(Exercise details): Output the records in full, exactly as given.
--- START ---
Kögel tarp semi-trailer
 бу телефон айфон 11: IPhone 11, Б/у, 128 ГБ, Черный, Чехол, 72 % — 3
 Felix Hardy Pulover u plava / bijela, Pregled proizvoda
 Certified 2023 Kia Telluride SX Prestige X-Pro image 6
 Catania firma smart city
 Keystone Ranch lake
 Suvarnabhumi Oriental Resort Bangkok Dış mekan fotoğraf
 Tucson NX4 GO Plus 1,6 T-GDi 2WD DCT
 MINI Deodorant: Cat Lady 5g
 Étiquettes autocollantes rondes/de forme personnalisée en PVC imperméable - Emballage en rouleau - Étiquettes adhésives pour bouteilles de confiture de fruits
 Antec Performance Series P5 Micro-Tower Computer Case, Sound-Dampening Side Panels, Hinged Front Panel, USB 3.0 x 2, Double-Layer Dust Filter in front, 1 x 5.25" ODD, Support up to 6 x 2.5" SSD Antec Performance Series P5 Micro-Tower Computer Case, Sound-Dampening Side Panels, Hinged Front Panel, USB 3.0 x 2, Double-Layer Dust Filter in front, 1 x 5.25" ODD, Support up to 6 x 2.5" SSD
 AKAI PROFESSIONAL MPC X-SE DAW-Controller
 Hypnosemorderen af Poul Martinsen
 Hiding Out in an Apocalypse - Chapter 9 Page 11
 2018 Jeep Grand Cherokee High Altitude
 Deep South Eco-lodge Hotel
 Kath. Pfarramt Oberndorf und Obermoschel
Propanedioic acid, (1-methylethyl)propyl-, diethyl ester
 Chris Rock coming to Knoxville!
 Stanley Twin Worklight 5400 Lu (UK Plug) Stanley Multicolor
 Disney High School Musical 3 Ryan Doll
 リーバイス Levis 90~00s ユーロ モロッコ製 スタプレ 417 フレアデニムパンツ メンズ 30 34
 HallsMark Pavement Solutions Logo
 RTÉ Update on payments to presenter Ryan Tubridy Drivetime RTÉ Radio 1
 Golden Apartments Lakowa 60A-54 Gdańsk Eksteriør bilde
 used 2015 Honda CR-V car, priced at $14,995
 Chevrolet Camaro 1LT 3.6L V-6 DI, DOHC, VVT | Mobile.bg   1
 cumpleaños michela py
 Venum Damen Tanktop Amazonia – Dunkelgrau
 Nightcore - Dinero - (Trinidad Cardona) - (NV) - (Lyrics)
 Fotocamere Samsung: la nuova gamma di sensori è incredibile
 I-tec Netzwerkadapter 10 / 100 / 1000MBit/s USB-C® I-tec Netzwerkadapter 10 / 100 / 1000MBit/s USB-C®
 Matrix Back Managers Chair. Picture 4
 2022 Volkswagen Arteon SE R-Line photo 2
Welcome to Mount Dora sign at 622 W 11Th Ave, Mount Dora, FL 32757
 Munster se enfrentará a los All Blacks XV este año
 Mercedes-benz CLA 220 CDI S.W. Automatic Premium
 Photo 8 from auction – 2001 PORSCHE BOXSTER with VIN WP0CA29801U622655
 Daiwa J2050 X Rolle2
--- END ---
(Reply):
Kögel tarp semi-trailer
 бу телефон айфон 11: IPhone 11, Б/у, 128 ГБ, Черный, Чехол, 72 % — 3
 Felix Hardy Pulover u plava / bijela, Pregled proizvoda
 Certified 2023 Kia Telluride SX Prestige X-Pro image 6
 Catania firma smart city
 Keystone Ranch lake
 Suvarnabhumi Oriental Resort Bangkok Dış mekan fotoğraf
 Tucson NX4 GO Plus 1,6 T-GDi 2WD DCT
 MINI Deodorant: Cat Lady 5g
 Étiquettes autocollantes rondes/de forme personnalisée en PVC imperméable - Emballage en rouleau - Étiquettes adhésives pour bouteilles de confiture de fruits
 Antec Performance Series P5 Micro-Tower Computer Case, Sound-Dampening Side Panels, Hinged Front Panel, USB 3.0 x 2, Double-Layer Dust Filter in front, 1 x 5.25" ODD, Support up to 6 x 2.5" SSD Antec Performance Series P5 Micro-Tower Computer Case, Sound-Dampening Side Panels, Hinged Front Panel, USB 3.0 x 2, Double-Layer Dust Filter in front, 1 x 5.25" ODD, Support up to 6 x 2.5" SSD
 AKAI PROFESSIONAL MPC X-SE DAW-Controller
 Hypnosemorderen af Poul Martinsen
 Hiding Out in an Apocalypse - Chapter 9 Page 11
 2018 Jeep Grand Cherokee High Altitude
 Deep South Eco-lodge Hotel
 Kath. Pfarramt Oberndorf und Obermoschel
Propanedioic acid, (1-methylethyl)propyl-, diethyl ester
 Chris Rock coming to Knoxville!
 Stanley Twin Worklight 5400 Lu (UK Plug) Stanley Multicolor
 Disney High School Musical 3 Ryan Doll
 リーバイス Levis 90~00s ユーロ モロッコ製 スタプレ 417 フレアデニムパンツ メンズ 30 34
 HallsMark Pavement Solutions Logo
 RTÉ Update on payments to presenter Ryan Tubridy Drivetime RTÉ Radio 1
 Golden Apartments Lakowa 60A-54 Gdańsk Eksteriør bilde
 used 2015 Honda CR-V car, priced at $14,995
 Chevrolet Camaro 1LT 3.6L V-6 DI, DOHC, VVT | Mobile.bg   1
 cumpleaños michela py
 Venum Damen Tanktop Amazonia – Dunkelgrau
 Nightcore - Dinero - (Trinidad Cardona) - (NV) - (Lyrics)
 Fotocamere Samsung: la nuova gamma di sensori è incredibile
 I-tec Netzwerkadapter 10 / 100 / 1000MBit/s USB-C® I-tec Netzwerkadapter 10 / 100 / 1000MBit/s USB-C®
 Matrix Back Managers Chair. Picture 4
 2022 Volkswagen Arteon SE R-Line photo 2
Welcome to Mount Dora sign at 622 W 11Th Ave, Mount Dora, FL 32757
 Munster se enfrentará a los All Blacks XV este año
 Mercedes-benz CLA 220 CDI S.W. Automatic Premium
 Photo 8 from auction – 2001 PORSCHE BOXSTER with VIN WP0CA29801U622655
 Daiwa J2050 X Rolle2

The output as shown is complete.